Even the built in mic on a smartphone is pretty good! The main prob with phones is that the phone will sometimes highpass the signal. Basically makes it useless for measuring below 100hz.


----------



## Patrick Bateman (Sep 11, 2006)

bigguy2010 said:


> They're these ones:
> 
> http://www.diymobileaudio.com/forum...ion/60146-creating-perfect-soundstage-11.html
> 
> I'm using the same 2" paper cone mids, Patrick used from PE, along with the Celestion CDX1-1425's.


Rad! That worked well. If I did it again I'd do the filtering with minidsp. (Passive works, but is a huge time killer)

I just bought a Mazda6 and I'll likely do some underdash HLCDs with 8" B&C midbass and IB subs.


----------



## bigguy2010 (May 18, 2010)

Patrick Bateman said:


> Rad! That worked well. If I did it again I'd do the filtering with minidsp. (Passive works, but is a huge time killer)
> 
> I just bought a Mazda6 and I'll likely do some underdash HLCDs with 8" B&C midbass and IB subs.

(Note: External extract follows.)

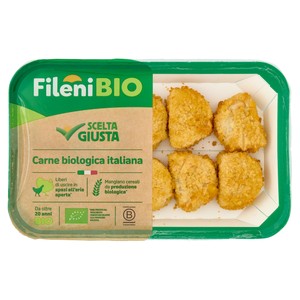 Crocchette Di Petto Di Pollo Biologiche Fileni Bio - Foto 1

Yeah I still haven't build them. I'm getting the horn pieces cut at work on the water jet and hope to have them started in the next month or so.


----------



## bigguy2010 (May 18, 2010)

Patrick Bateman said:


> Even the built in mic on a smartphone is pretty good! The main prob with phones is that the phone will sometimes highpass the signal. Basically makes it useless for measuring below 100hz.


What app are you guys using for this? I'll just try out my iPhone 4 first and go from there.


----------